@ethanjamescolez,
Like pretty much any form of communication, it depends on your audience.
Most workers aren't going to read an extra report/caveats unless that stuff is right there, in their faces (they often don't have the time to hunt for anything). As a result, they may end up believing the AI more than results would indicate they should.
Hence, you're probably going to be stuck with having to throw a bunch of caveats into a report. Which, you're right, could eventually render a report meaningless.
What about using colors and shapes to get some of your point across? Start with, say, three graphs. Maybe the first is for overall review signal. Go with red, amber, green for negative, neutral, positive, just like a traffic light (use a shape like a traffic light to bring the point home). Decide on the % for each color, e. g. 75-100% positive = green; 45-74% = amber; 0-44% = red or whatever you prefer.

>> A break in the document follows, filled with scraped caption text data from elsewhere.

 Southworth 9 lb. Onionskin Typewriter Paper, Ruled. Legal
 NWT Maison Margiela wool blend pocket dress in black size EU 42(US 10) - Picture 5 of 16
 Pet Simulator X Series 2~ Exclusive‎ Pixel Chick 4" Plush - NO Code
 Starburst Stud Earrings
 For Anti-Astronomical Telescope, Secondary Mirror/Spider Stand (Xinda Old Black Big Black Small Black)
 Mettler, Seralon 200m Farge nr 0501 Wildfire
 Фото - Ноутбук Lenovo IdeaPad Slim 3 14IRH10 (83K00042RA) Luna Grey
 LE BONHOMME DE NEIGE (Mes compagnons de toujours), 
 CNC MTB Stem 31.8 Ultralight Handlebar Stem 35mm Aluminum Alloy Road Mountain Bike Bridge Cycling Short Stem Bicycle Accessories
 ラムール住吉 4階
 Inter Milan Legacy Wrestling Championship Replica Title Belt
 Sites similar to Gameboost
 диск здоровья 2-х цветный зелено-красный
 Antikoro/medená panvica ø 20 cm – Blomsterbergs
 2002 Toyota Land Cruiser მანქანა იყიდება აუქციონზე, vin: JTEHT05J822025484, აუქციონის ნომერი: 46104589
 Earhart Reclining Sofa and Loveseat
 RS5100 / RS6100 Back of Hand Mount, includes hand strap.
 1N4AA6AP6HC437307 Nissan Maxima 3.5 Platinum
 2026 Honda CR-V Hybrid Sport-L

Maybe make the next one an arrow pointing downward in black next to an arrow pointing upward in white, to show false negative or false positive chances, respectively. But since these probably aren't perfectly in opposition to one another, you may need a different design. I don't know.
And then maybe make the third one a bar chart showing for sentences of X length (5 words, let's say), the AI level was 68%, for sentences of 6 words, it was 12% or whatever.
You may be able to handle some of the interpretive issues at the start by just asking people what their purpose is in getting this information. e. g. they open the utility and the first thing it asks is:
Will this report be used for school, work, legal, or disciplinary decisions?
And then have the utility answer with something like:
There are limits on using this information for this purpose. Here they are: ___. Do you still wish to use this utility? Y/N.
This could be tailored depending on intended usage. You could show this with a workflow diagram/flow chart. And maybe even note if the utility is being used against advice.
I wouldn't put people through the third degree before letting them use the utility, so you're probably limited to no more than 3 - 5 preliminary questions before people would stop using it. So, decide what you really need and make those questions count.
Finally, I'd recommend the utility showing sample length and document type no matter what it was used for. That could be with the results. This way, if a document length of under, say, 20 pages, with a 75% chance of a false positive might be an indicator that the sample size is too small to be trusted.